> **PROBLEM REQUIREMENTS**:
Locate the line containing "Charadrius hiaticula - Grand" in the material below. Copy that line and all following lines through the end exactly, omitting any pictures.

> **THE DATA**:
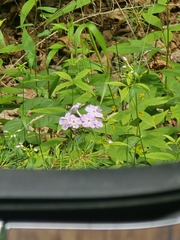 Phlox carolina, photograph author not stated, no rights reserved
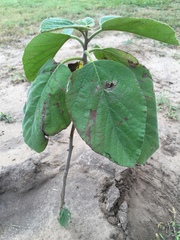 Cordia boissieri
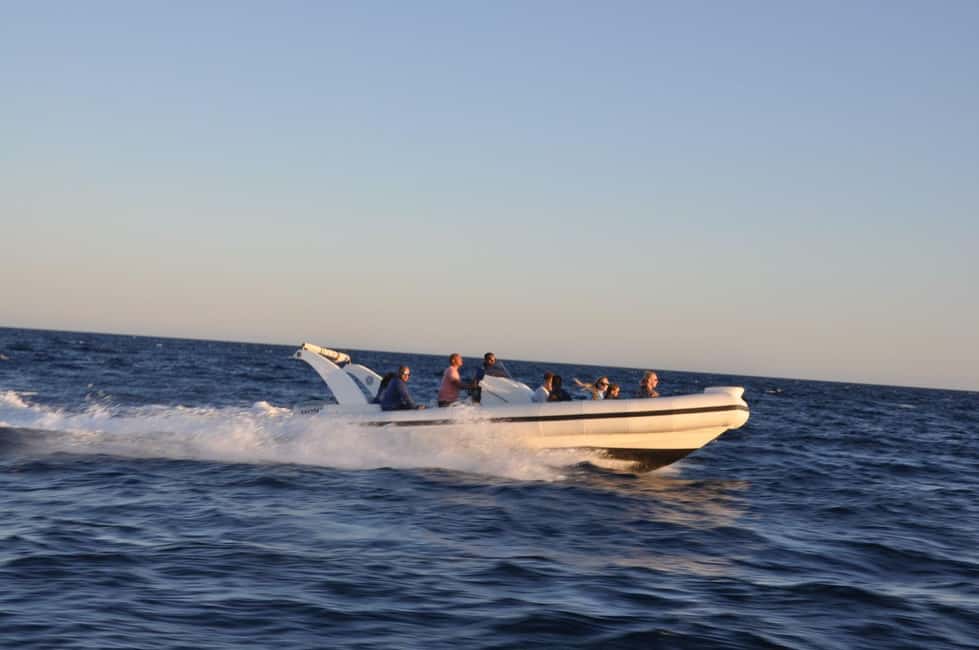 image n.45 of Hurghada: Speedboat Dolphin Watching & Snorkeling with Lunch activity in Red Sea Governorate, uploaded by supplier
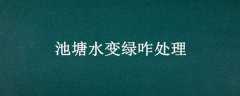 ˮզ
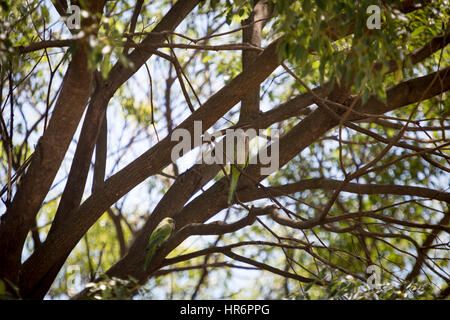 Asuncion, Paraguay. 26th Feb, 2017. A pair of monk parakeet (Myiopsitta monachus), also known as the Quaker parrot, perched on tree, is seen during sunny afternoon in Asuncion, Paraguay. Credit: Andre M. Chang/Alamy Live News Stock Photo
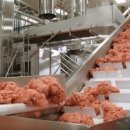 세포농장 이미지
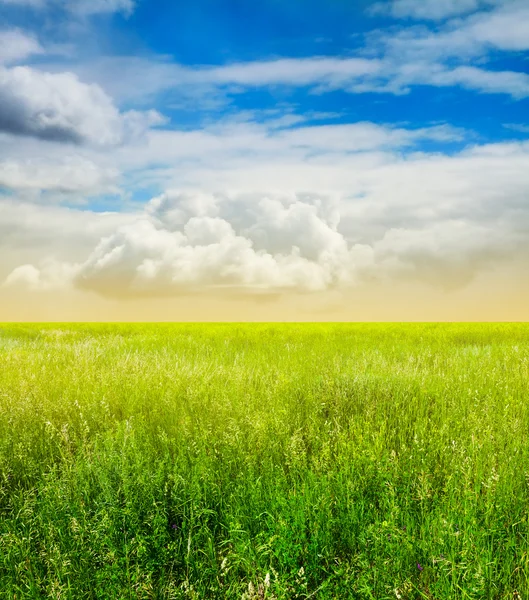Bellissimo cielo e campi verdi — Foto Stock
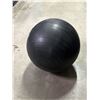 Image 1 : Black Exercise Ball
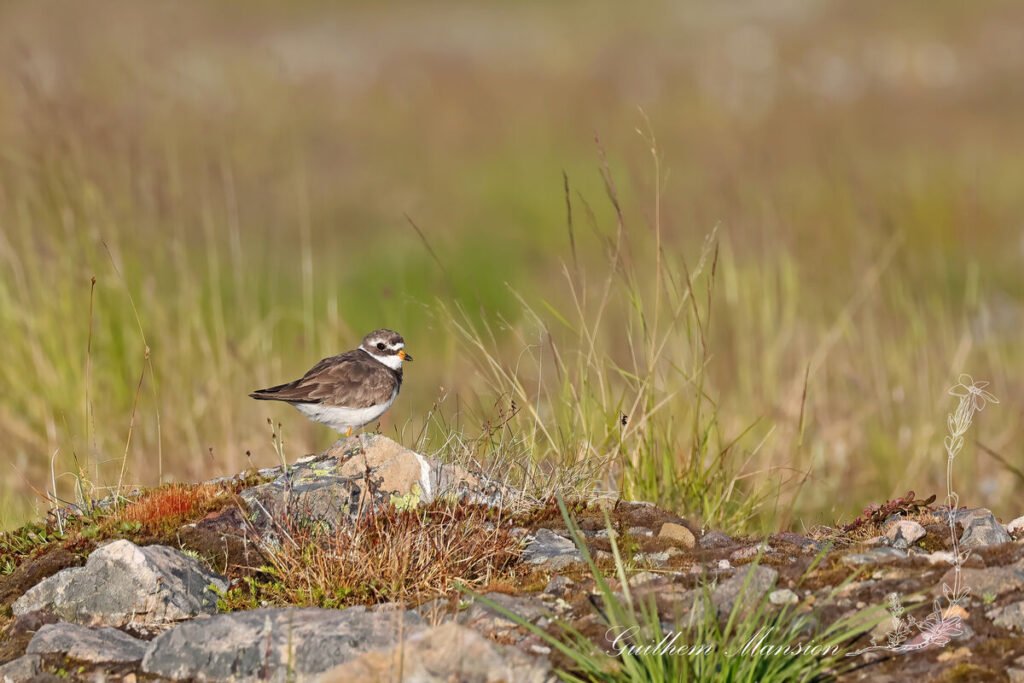 Charadrius hiaticula - Grand gravelot [Charadriidae]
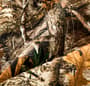 Thumbnail Image for 990283-6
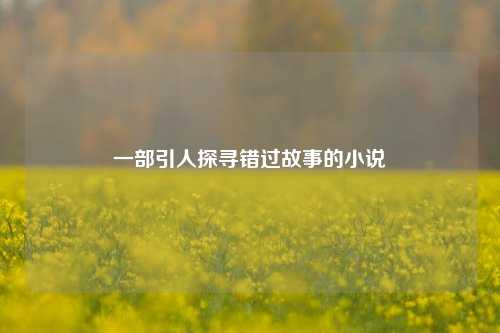 一部引人探寻错过故事的小说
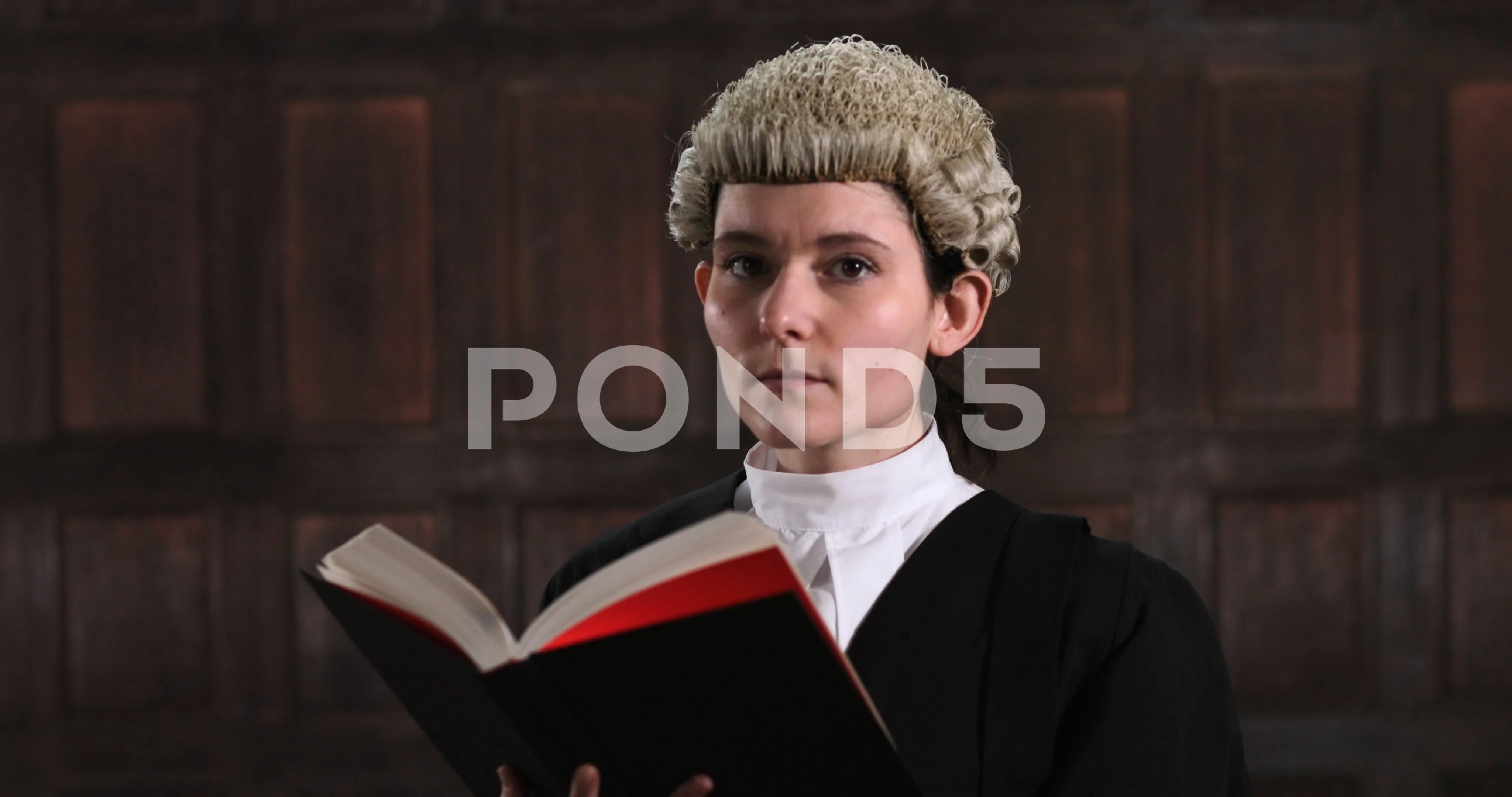 Female Lawyer In Court Female Lawyer Court Composition Stock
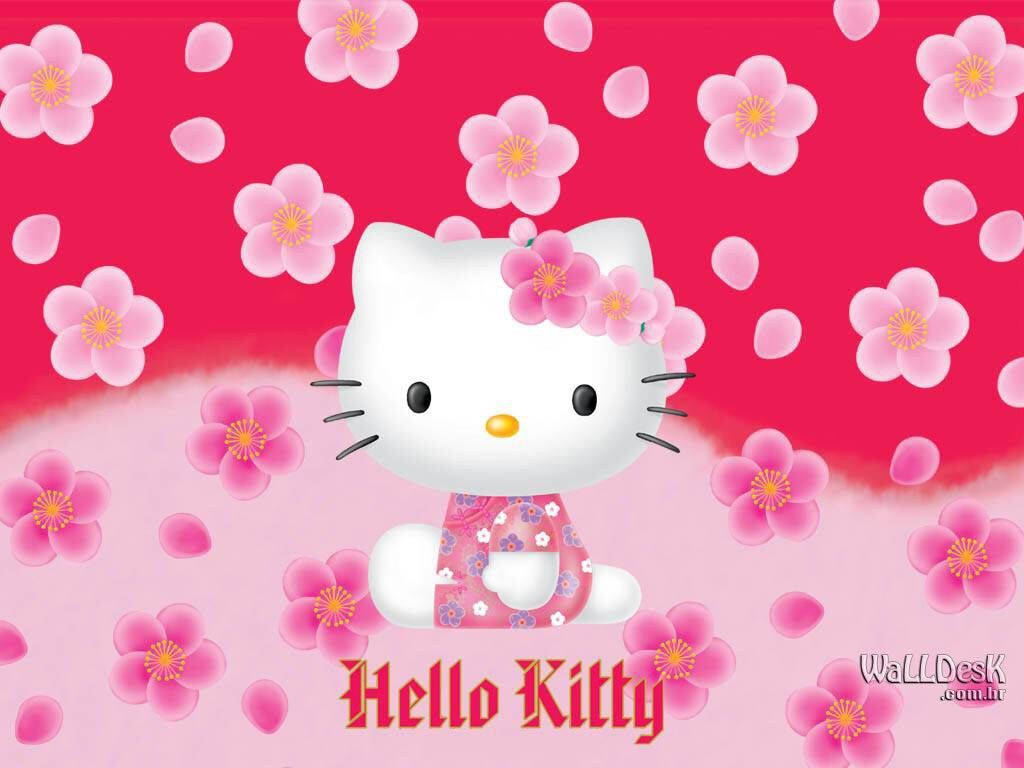 Hello 桌布 壁紙 — Hello Kitty 坐在粉紅色的櫻花田中微笑，背景是鮮豔的紅色。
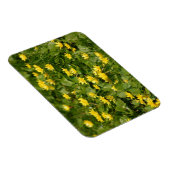Magnet Flexible Petites fleurs jaunes dans l'herbe1957 FLEURS NATU (Côté Droit)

> **RESULT**:
 Charadrius hiaticula - Grand gravelot [Charadriidae]
 Thumbnail Image for 990283-6
 一部引人探寻错过故事的小说
 Female Lawyer In Court Female Lawyer Court Composition Stock
 Hello 桌布 壁紙 — Hello Kitty 坐在粉紅色的櫻花田中微笑，背景是鮮豔的紅色。
Magnet Flexible Petites fleurs jaunes dans l'herbe1957 FLEURS NATU (Côté Droit)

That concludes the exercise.